> A 16 bit posit in a near-ideal situation matches an 18 bit IEEE float Unsure w...

Dylan16807 · 2026-05-26T14:28:00 1779805680

> A posit16 has up to 11 bits of precision.

Is this excluding the implied bit?

In that case a short float has 10, but if you're messing with formats you can staple on an extra bit of precision and an extra bit of exponent.

> There's no such thing as an 18 bit IEEE float.

There's a lot of custom sizes out there. But if you keep following IEEE rules then there's no special circuitry needed, just a small scaling factor.

nVidia also laid out a 19 bit format that's a superset of both fp16 and bf16.

> Many papers have compared neural networks at 16 bits or 8 bits, and posits beat the hell out of floats and it's not even close.

Can you link a paper that shows posits beating floats at different sizes?

I found a 2021 paper that compares various posits to 32 bit floats, and finds that the model quality is close for some of them. It does not compare any smaller floats.

> Which is very much expected. As they're particularly suited to this task.

Posits show their value when you need a huge exponent range and your numbers focus very closely around 1. How strongly do neural nets fit that pattern?

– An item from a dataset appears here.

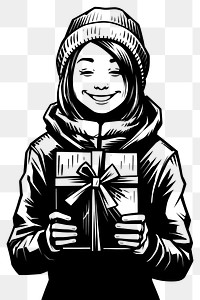 PNG Kid holding a gift box sweater drawing sketch.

And how often is their advantage better than 1 or 2 bits?

If you can keep your weights within a range of 9 orders of magnitude, I expect fp16 to do just fine since it loses a bit on some numbers and gains a bit or two on other numbers.

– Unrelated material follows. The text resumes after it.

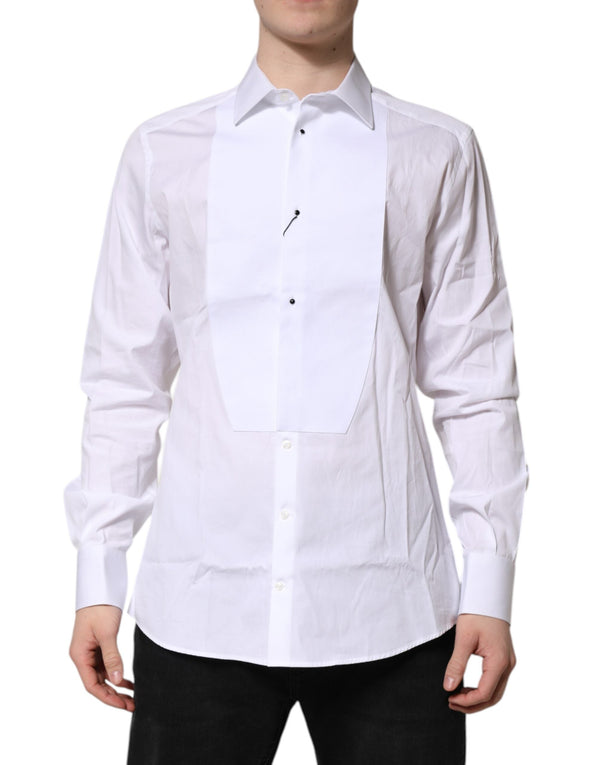 White Silk Bib Poplin GOLD Men Formal Shirt Dolce & Gabbana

> But also in other domains, like numerical weather simulations, where tests have shown 16-bit posits can replace 32-bit floats.

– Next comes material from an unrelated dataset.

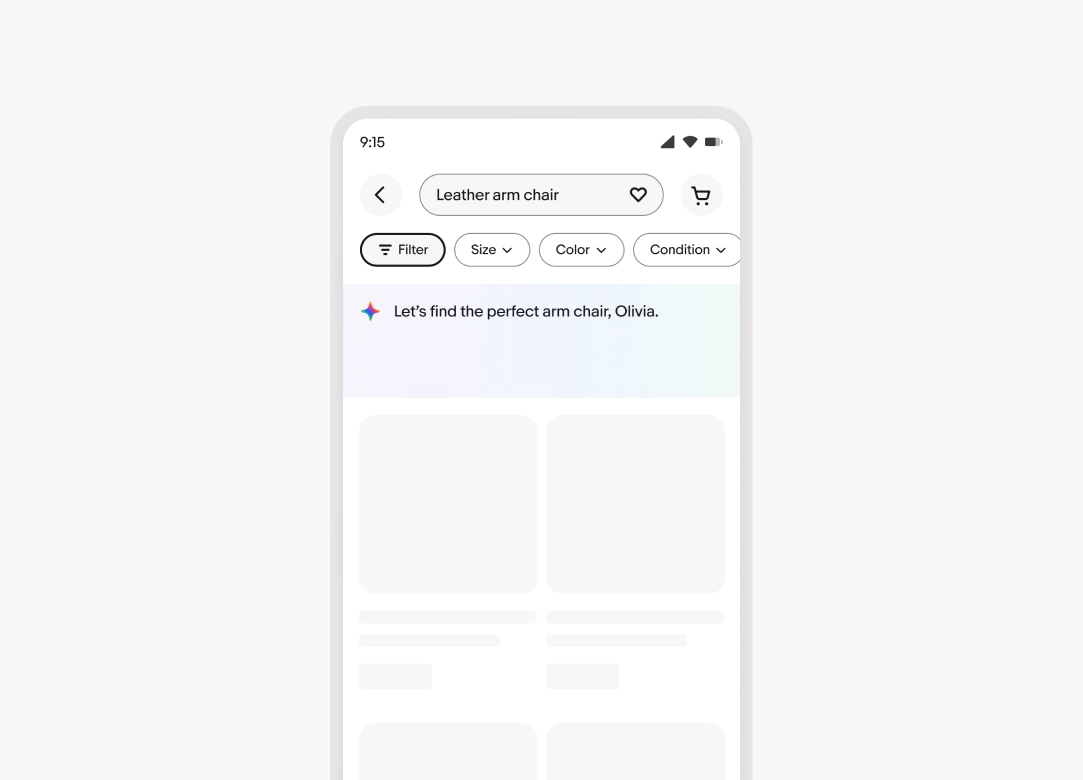 A mobile example showing a subtle gradient being used as a loading state for an assistant module.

Can you link this too? I found a 2019 paper that shows them beating fp16 and falling short of fp64, but no fp32 comparison. They also noted that 16,0 posits and bf16 did badly.

They did conclude that 16 bit posits were probably good enough to beat out measurement error and be suitable for the bulk of simulation, but that same chart showed that fp16 was almost good enough. So again I wonder how many bits you'd actually need, since if you're considering rebuilding your FPUs it would be silly to exclude "float sizes that aren't powers of two".